Directions>
The reply should consist solely of the lines from the one with "Exo-friendly and space-saving 🌱" through the final line of the listing, copied exactly, with no pictures.

Data supplied>
┌────────
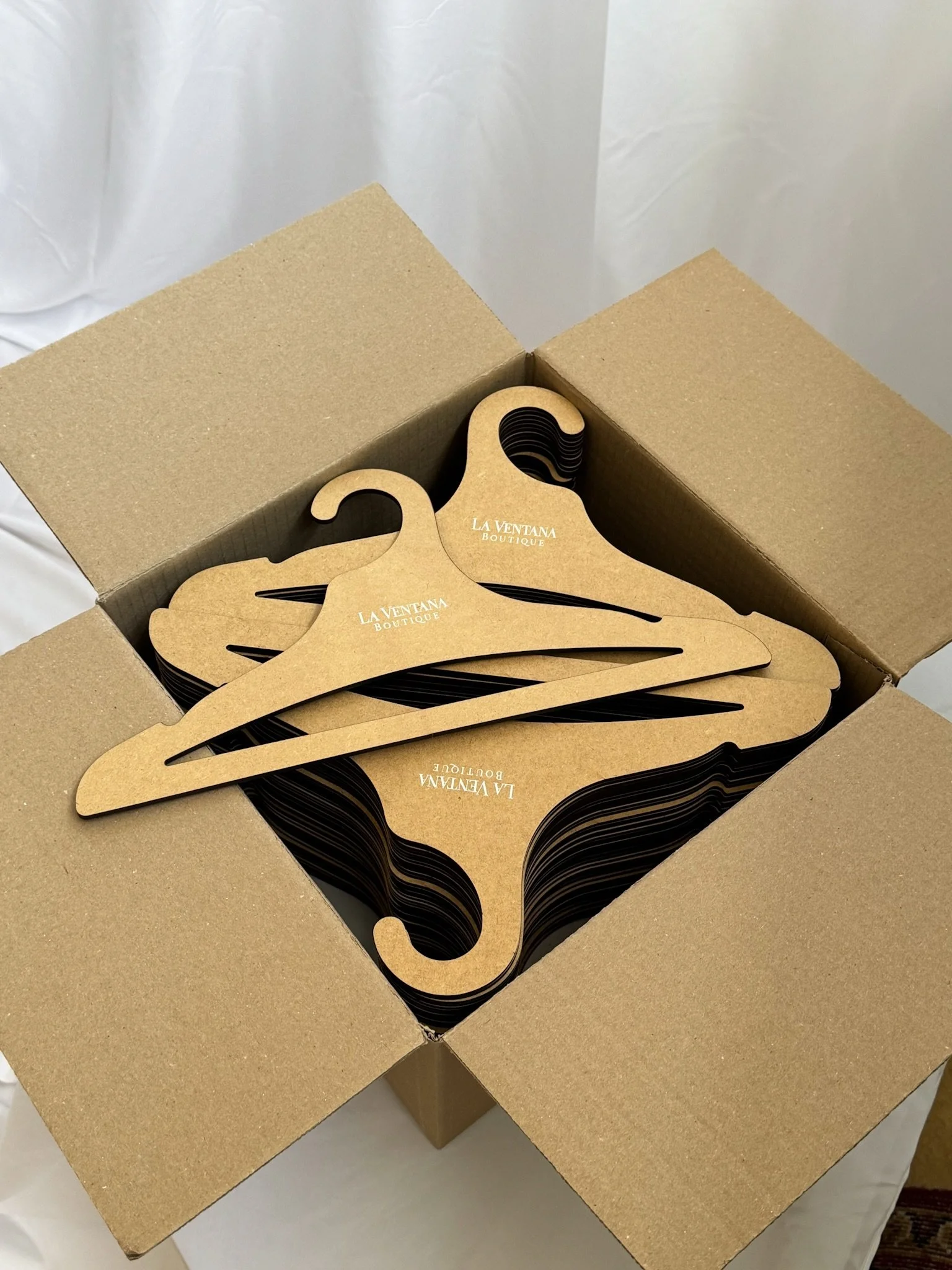 Trempel Wooden hangers with white logo design for @laventana_boutique 🤍

Exo-friendly and space-saving 🌱

#ecohangers #hangerswithlogo #customhanger #customhangers #hanger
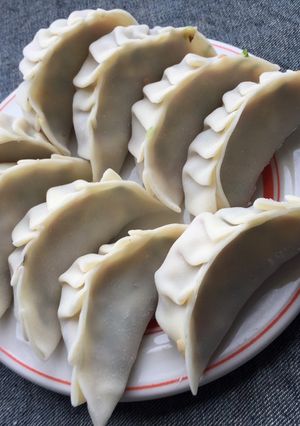 たぶん簡単（笑）美味しい餃子いかが？-レシピのメイン写真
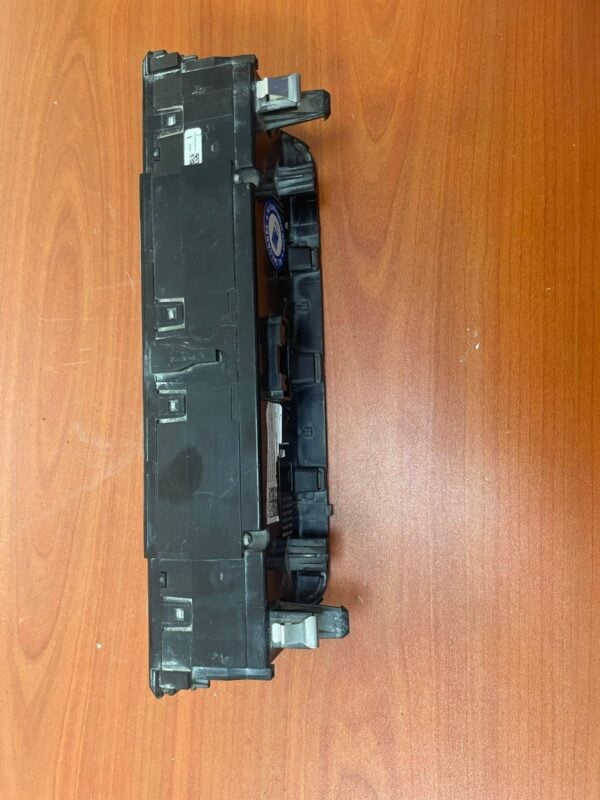 Audi A3 Display And Control Panel 8Y0820043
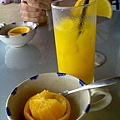 餐後水果+新鮮柳橙汁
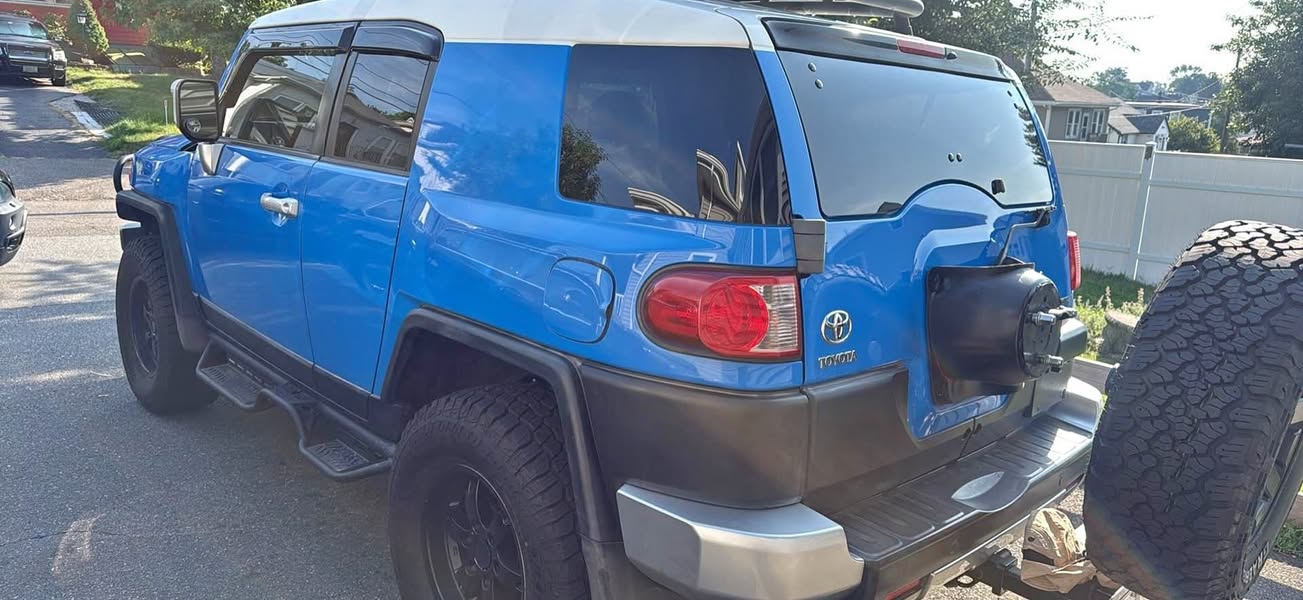 2007 Toyota FJ Cruiser - Sport Utility 2D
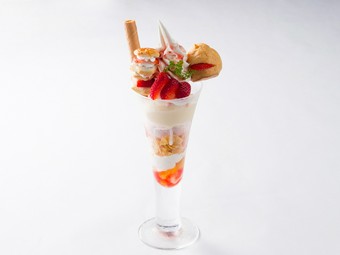 いちご尽くしで名前も見た目も可愛らしいインスタ映え確実の女性人気No.1パフェ『苺三姉妹』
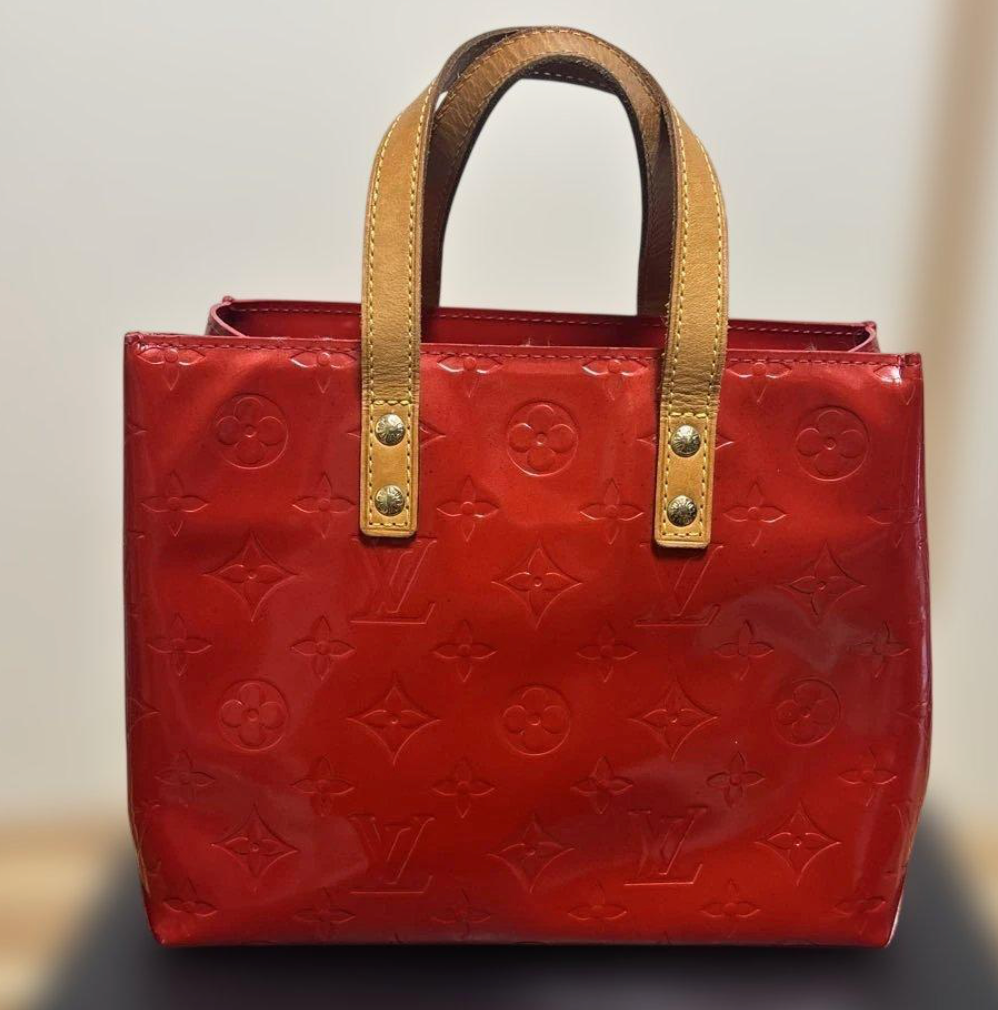 Louis Vuitton Vernis Reed PM – Sac à main – Cuir verni – Compact élégant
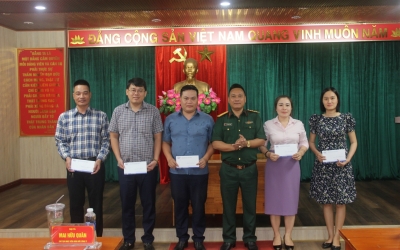 Công ty Cổ phần 319 Miền Trung: Tổ chức các hoạt động “Đền ơn đáp nghĩa” năm 2023 Công ty Cổ phần 319 Miền Trung: Tổ chức các hoạt động “Đền ơn đáp nghĩa” năm 2023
└────────
Solution to the problem>
Exo-friendly and space-saving 🌱

#ecohangers #hangerswithlogo #customhanger #customhangers #hanger
 たぶん簡単（笑）美味しい餃子いかが？-レシピのメイン写真
 Audi A3 Display And Control Panel 8Y0820043
 餐後水果+新鮮柳橙汁
 2007 Toyota FJ Cruiser - Sport Utility 2D
 いちご尽くしで名前も見た目も可愛らしいインスタ映え確実の女性人気No.1パフェ『苺三姉妹』
 Louis Vuitton Vernis Reed PM – Sac à main – Cuir verni – Compact élégant
 Công ty Cổ phần 319 Miền Trung: Tổ chức các hoạt động “Đền ơn đáp nghĩa” năm 2023 Công ty Cổ phần 319 Miền Trung: Tổ chức các hoạt động “Đền ơn đáp nghĩa” năm 2023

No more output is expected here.